Warm greetings from Guatemala,
hard to believe another month has flown by! I really want to thank all of you who responded to my last message with support and encouragement, and, no worries to those who didn´t, it would undoubtedly have clogged up my inbox and kept me trapped in front of the computer for hours upon end ;)
On Wednesday April 16th a verdict was reached in the case I mentioned involving the rape of a Maya K´iche woman by two police officers (while she was in custody for a crime she was later absolved of). One of the accused fled the arrest warrant, but the other officer stood trial, and was sentenced to 20 years in prison!! A huge victory for so many people who worked so hard to push the case forward.

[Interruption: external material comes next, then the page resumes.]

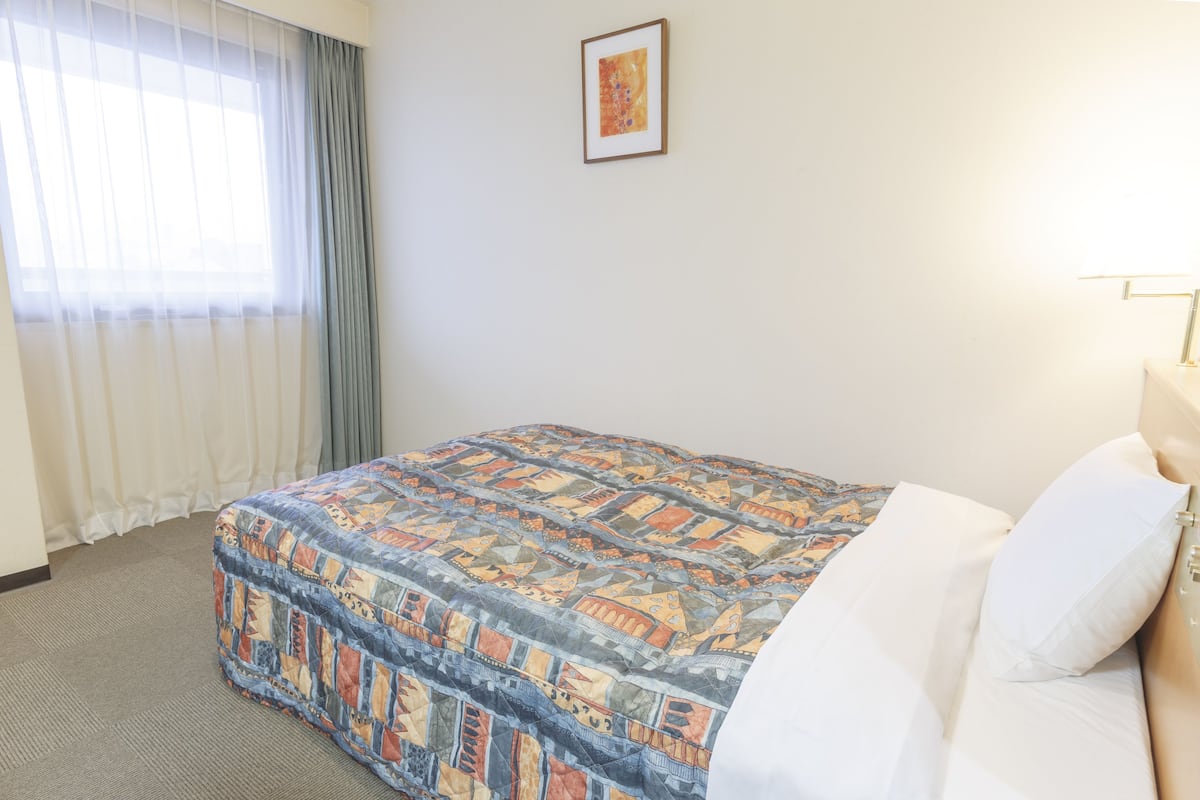 Ein Hotelzimmer mit Bett, Fenster mit Vorhängen, einem gerahmten Bild an der Wand und einer Nachttischlampe.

A recent study by the Instituto de Estudios Comparados en Ciencias Penales de Guatemala found that 75% of women suffer some form of sexual abuse while in custody. Clearly not an isolated incident, what is exceptional is Doña Juana´s resolve to keep struggling and the large number of people who supported the case. She left her family, including children as young as five years old and spent months on end in the capital jumping through unnecessary legal hoops which delayed the process at every step. We had the privilege of travelling to the hearings with a range of women´s groups from the capital and other communities. Women who gave their time and energy to come out and support: to make noise and to make sure that Juana did not feel alone. What follows are some of my thoughts after a candlelight vigil held the night before the sentencing.
¨It´s hard to find words to describe standing in a circle of women....indigenous, ladina, tall, short, gorda, colocha, flaka, Canadiense....the crisp night air drawing us closer to one another. I have the sense of standing back, holding my candle, part of the moment, yet as an observer, not an actor. Worrying over the police and other random men observing us, perhaps intending to intimidate, but not succeeding this night.
The struggle of one woman, and the struggle of all women.
One by one they come forward...the well spoken, the timid, the wet-eyed, the angry. They all speak from the heart. They all thank Doña Juana and the Instituto for bringing the case forward. For speaking what so many, so many women face, but are unable to speak...for following justice and never giving up.
And they all pray, that the next day three judges will speak truth and justice, that they will have ignored the attempts to buy and sway their votes...that they will set a precedent in this country. Many women share their stories - that have gone unpunished - looking for their own justice in the verdict of the following day.¨
In true Guatemalan style the next day was spent reading all of the documents presented in the case, lulling to sleep the most avid of listeners. But one week later, when I was unfortunately in a pick up truck in the highlands accompanying another case, the guilty verdict was read. I am told that in the ensuing celebration in the parque central there was marimba, dancing, laughter and tears.
This is of course a glimpse of just one of the many cases we have been following, but I will save discussion of some of the others for another day, as I feel it is so important to celebrate the victories when they happen!
Despite my appreciation of the experiences I have had so far; my belief in the work; and my desire to stay on, I have decided that June will be my last month with the project. There are other things calling me back to Canada this summer and I feel confident this will not be my last opportunity to spend time in Guatemala.